A Different Kind of Game: Loss of childhood friend gives new meaning to Tiger-Bulldog battle

Published 12:32 am Wednesday, September 25, 2002

By By RANDY WINTON – Sports Writer
Ordinarily, Kurt Prater would do what he normally does on a football Friday afternoon. He'd go through the inventory … checking his pads, helmet, socks, cleats and wristbands; that No. 72 jersey hanging just so in his locker.
Mentally, he'd go through the same preparations as he has dozens of times leading up to that night's kickoff. He'd spend time in that "zone" where nothing exists aside from the team's game plan and his job as a starting lineman for T.R. Miller's eighth-ranked Tigers.
Ordinarily, he'd simply go through the same steps he always goes through to get ready for those memorable Friday night battles on the stage that is high school football.
But for Prater, this week's game with Andalusia is anything but ordinary.
This was going to be the game where two kids who grew up living the dream of playing high school football would meet in a friendly competition for small town bragging rights. Here was Prater, the popular 6-2, 220 lineman from Miller against Michael Couch, the consummate community hero making his first start as Andalusia's premier tailback.
That conversation took place in July while the two played American Legion baseball. A month later, Couch was killed in a one-car accident.
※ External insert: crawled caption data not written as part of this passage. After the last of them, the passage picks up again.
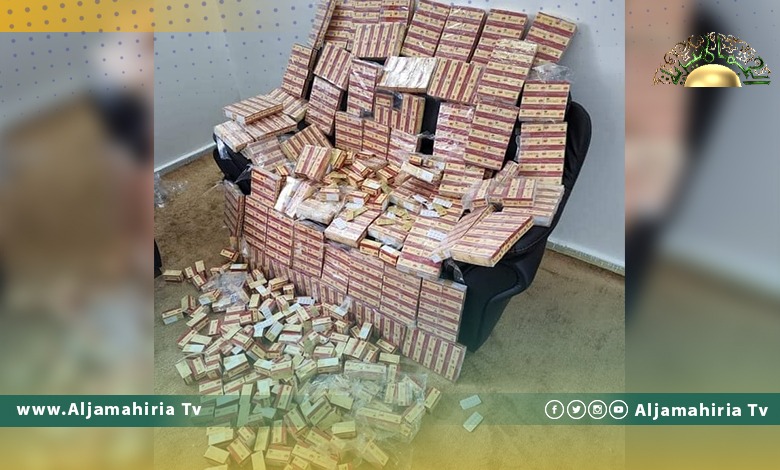 القبض على شخص بحوزته 87000 قرصًا مخدرًا بطبرق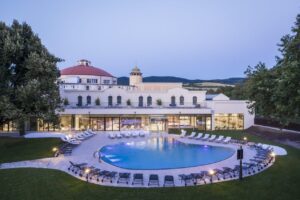 spa stays, spa break, slow it travel
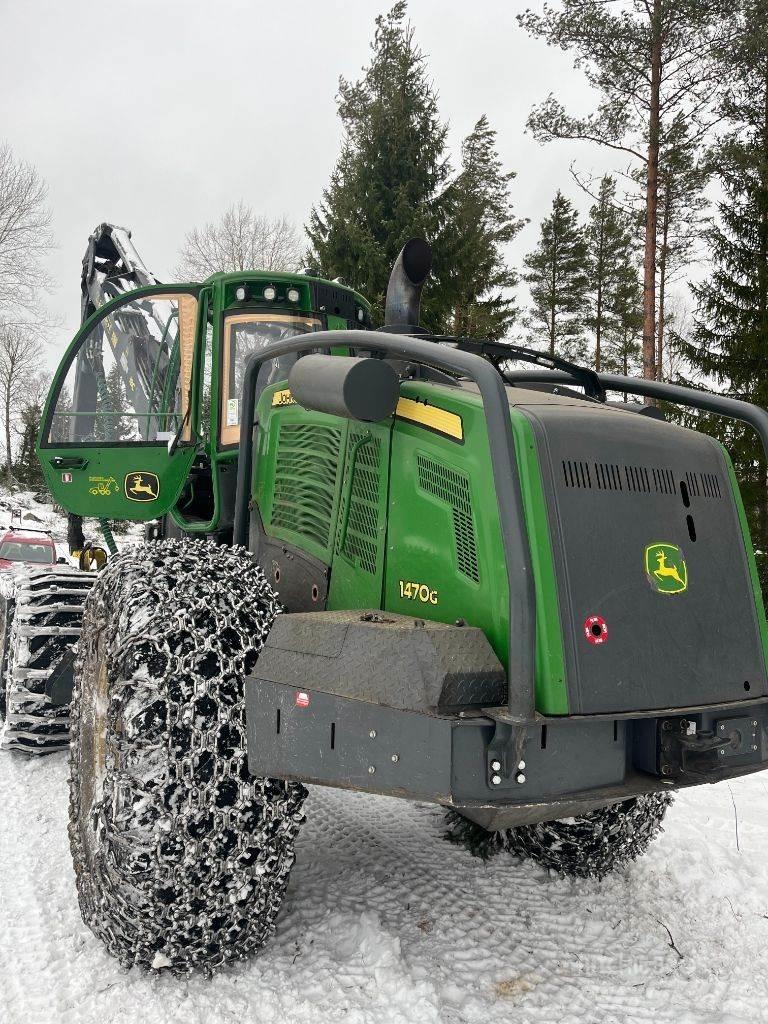 John Deere 1470G Harvesters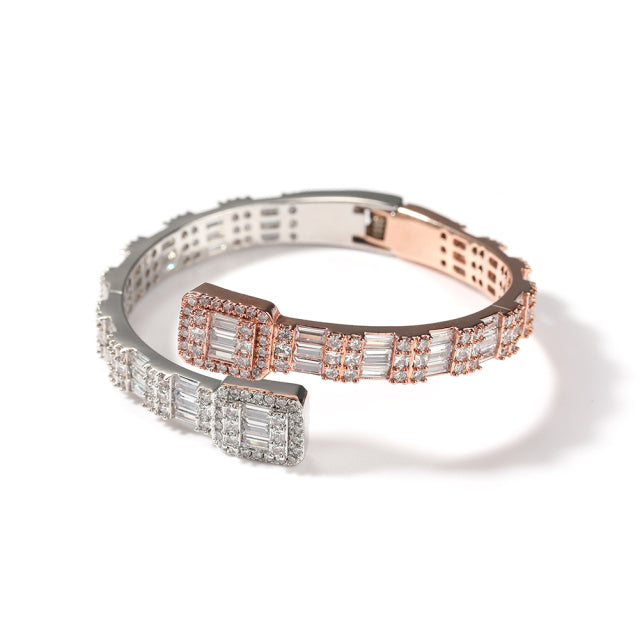 BAGUETTE CUFF BANGLE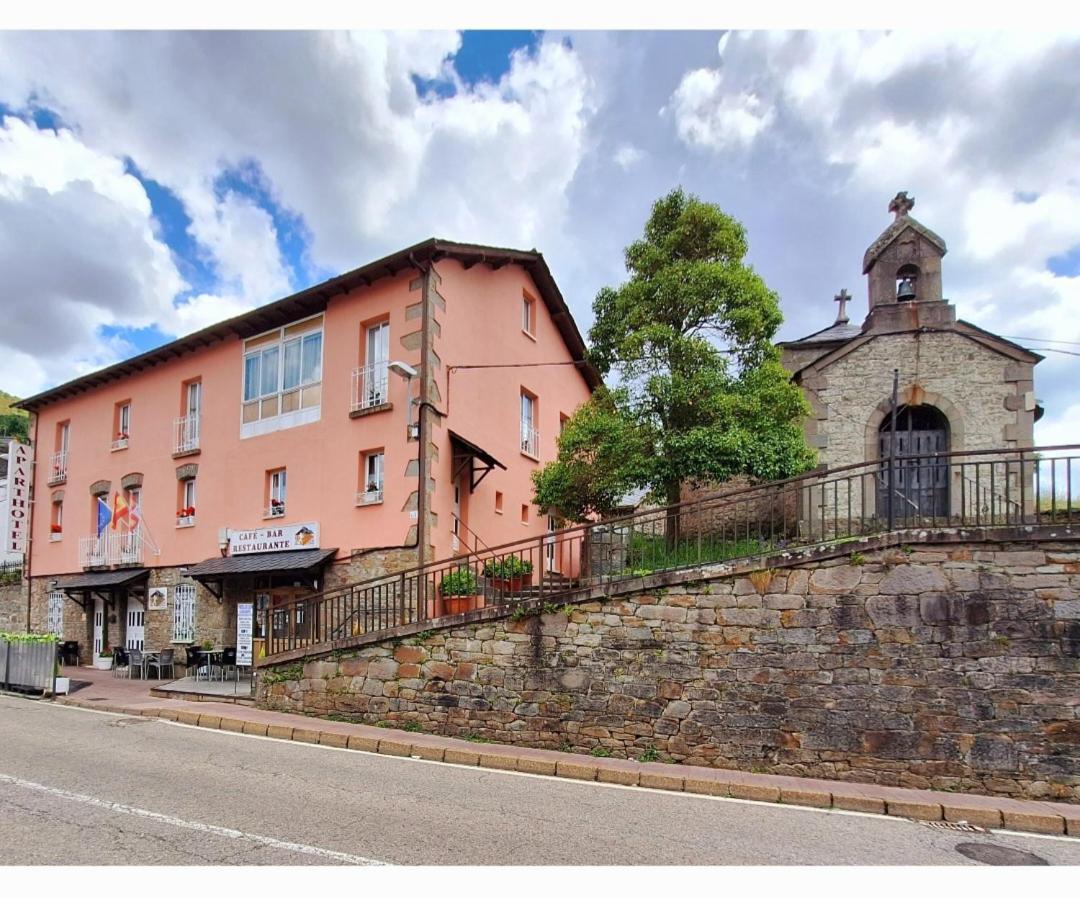Apartahotel Portal De Leon Caboalles de Abajo Zewnętrze zdjęcie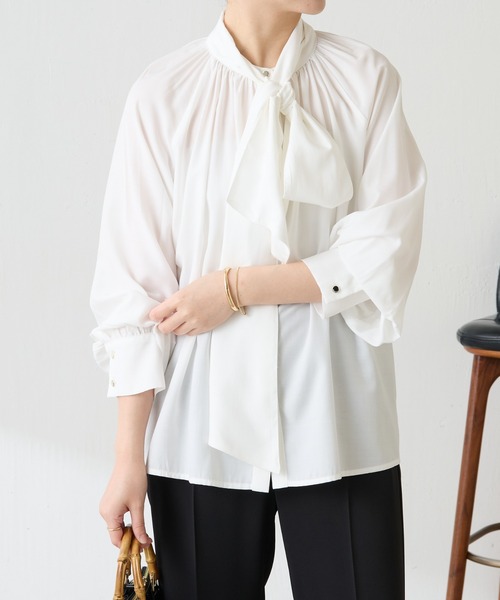 COLLAGE GALLARDAGALANTE(コラージュガリャルダガランテ)の「2WAYボウタイシャツ/セレモニー(シャツ/ブラウス・レディース・オフホワイト/サックスブルー・FREE)」の9枚目の写真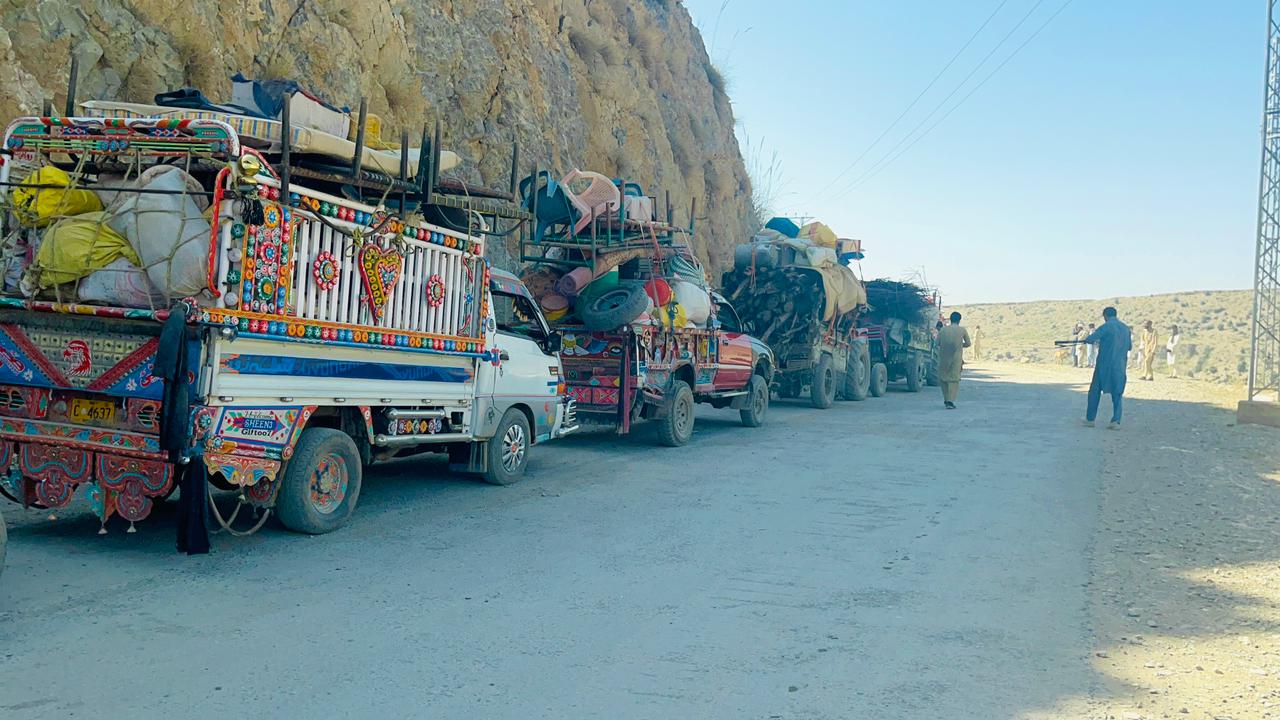 ضلع کرم: پاراچنار پشاور شاہراہ ایک سال سے بند، اشیائے خوردونوش اور ادویات کی قلت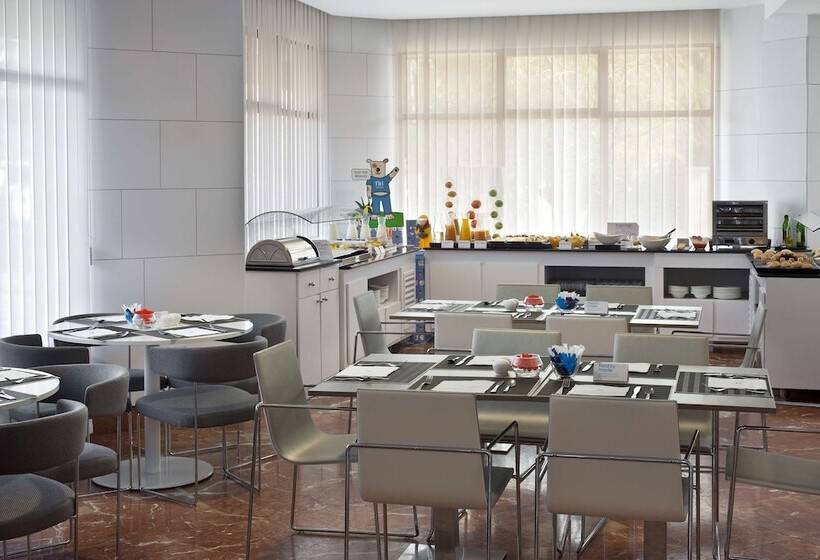 Hotel NH Avenida Jerez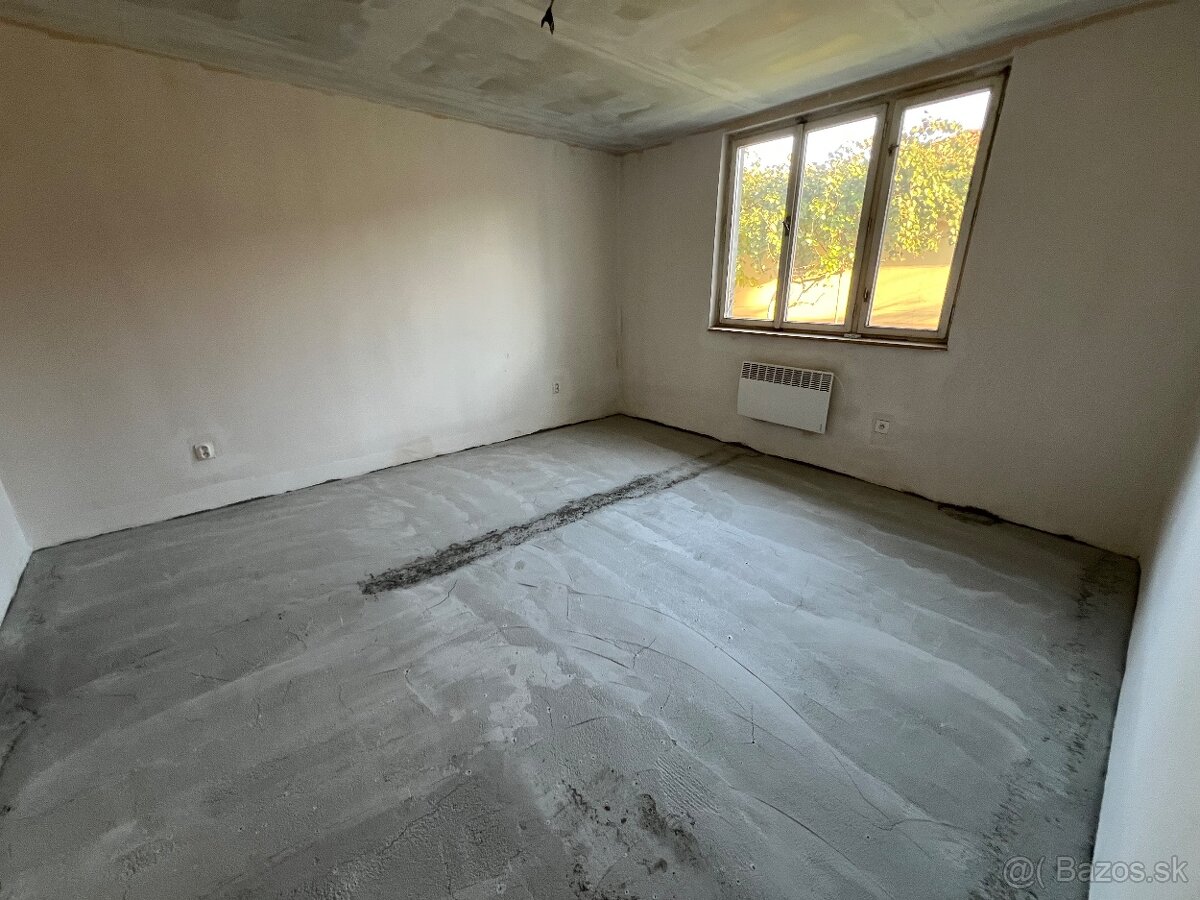 Na predaj 3 izbový rodinný dom, Kolárovo - 9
To fully understand Prater's feelings coming into this clash between two talented high school football teams, one must understand this friendship. Prater and Couch had grown up together since they were 5, mostly on the athletic fields of Andalusia to play little league baseball and pee wee football and were inseparable until Prater's family moved to Brewton five years ago.
In that time, a bond was formed that will never be broken, not even by the untimely and painful death of a teenager's best friend.
How popular was Couch? His funeral in August was flooded by athletes from all over the area, including Opp, Brewton and other towns along the way. "It's like someone blew out a candle and you can't re-light it," a mother of an Andalusia player had said.
Couch was the very backbone of the Andalusia football team; great leader, great work habits, great talent.
And so it is, as Prater prepares for Friday night, he will do so with unknown emotions.
There have been the reminders since August. Pictures adorn the Prater household of two little boys growing through the years … always together. As they grew taller and stronger, one thing never changed; that winning smile and playful personality that endeared Michael to so many.
They knew they'd bump heads sooner or later, and Friday was to be the night. They had talked about it this past summer and had the usual verbal sparrings about who would get the better of whom. They looked forward to it after getting a taste in last year's game. It was Prater's first starting assignment for the Tigers and he had a great game, registering eight tackles, including one on Couch late in the game.
Typically, Kurt Prater is an emotionally-strong person, solid as a rock. But don't be surprised if for a moment Friday night, he lets down that emotional guard as he remembers and mourns for a friend.